■ YOUR OBJECTIVE:
Apart from the pictures, which must be omitted, restate the data exactly.

■ DATASET EXCERPT:
━━━━━━

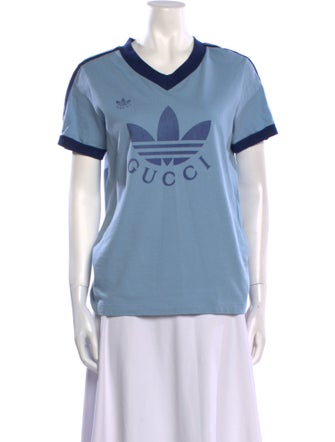 Gucci x Adidas Graphic Print V-Neck T-Shirt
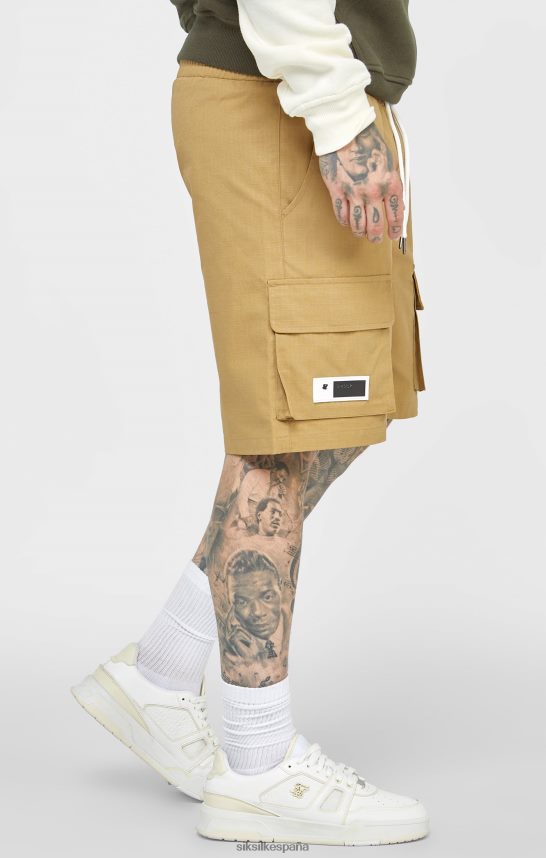 vestir es SikSilk hombres pantalones cortos cargo ripstop tostados 4NP28R585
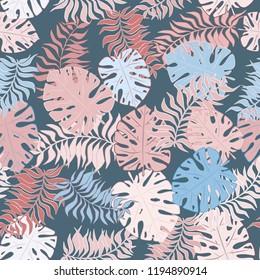 Monstera palm tropical jungle leaf seamless pattern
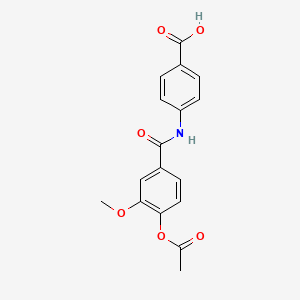 molecular formula C17H15NO6 B1211202 4-[[(4-Acetyloxy-3-methoxyphenyl)-oxomethyl]amino]benzoic acid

━━━━━━

■ SOLUTION TO THE EXERCISE:
 Gucci x Adidas Graphic Print V-Neck T-Shirt
 vestir es SikSilk hombres pantalones cortos cargo ripstop tostados 4NP28R585
 Monstera palm tropical jungle leaf seamless pattern
 molecular formula C17H15NO6 B1211202 4-[[(4-Acetyloxy-3-methoxyphenyl)-oxomethyl]amino]benzoic acid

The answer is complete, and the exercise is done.